◆ ABOUT THIS TASK:
Pictures are to be omitted. Output only the lines from the one containing "HLAVNÍ UZÁVĚR PLYNU" through the end of the data, word for word.

◆ THE DATA:
▼

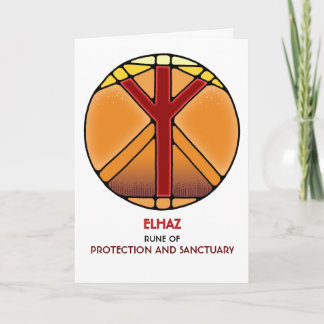 Rune Elhaz – Protection & Sanctuary - Art Nouveau Card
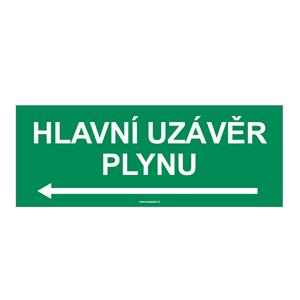 HLAVNÍ UZÁVĚR PLYNU VLEVO, plast 1 mm 210x80 mm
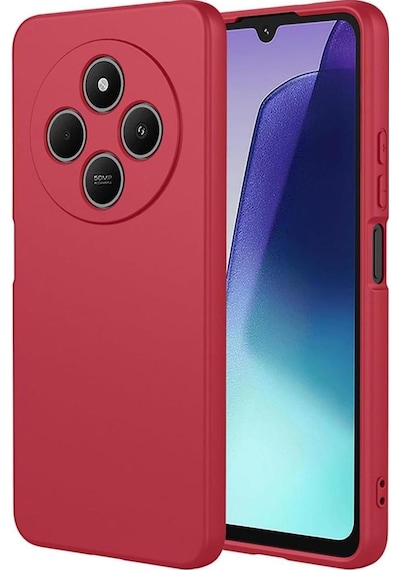 Redmi 14C Uyumlu Silikon Kılıf - Pastel Renk Tonu Esnek Tam Koruma Kapak  - Kırmızı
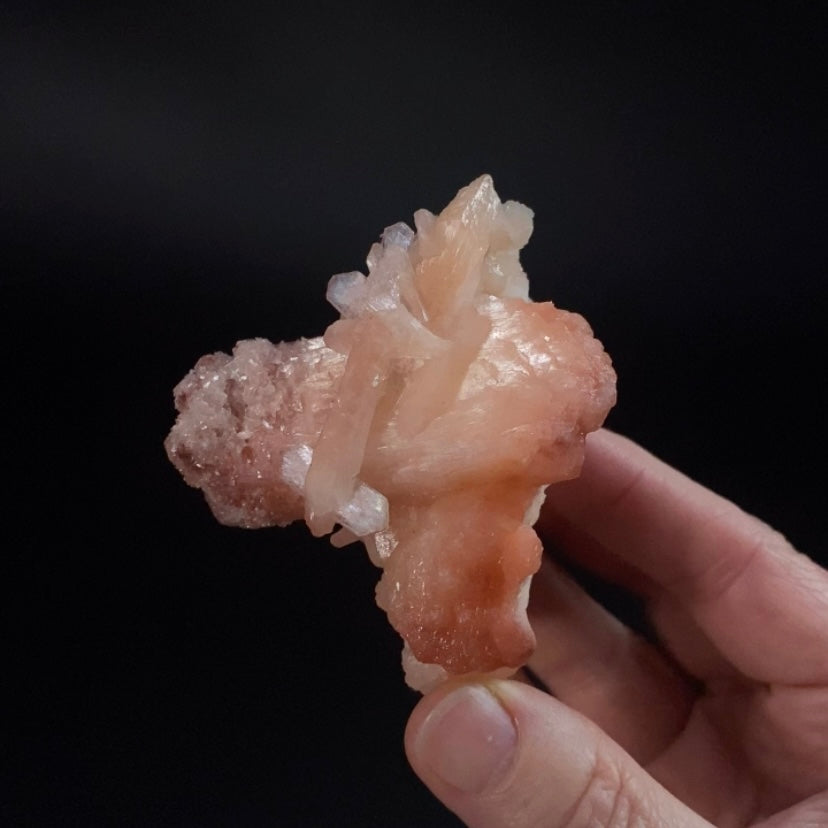 Peach and Red Hematite Stilbite Cluster, Maharashtra, India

▲

◆ TASK ANSWER:
 HLAVNÍ UZÁVĚR PLYNU VLEVO, plast 1 mm 210x80 mm
 Redmi 14C Uyumlu Silikon Kılıf - Pastel Renk Tonu Esnek Tam Koruma Kapak  - Kırmızı
 Peach and Red Hematite Stilbite Cluster, Maharashtra, India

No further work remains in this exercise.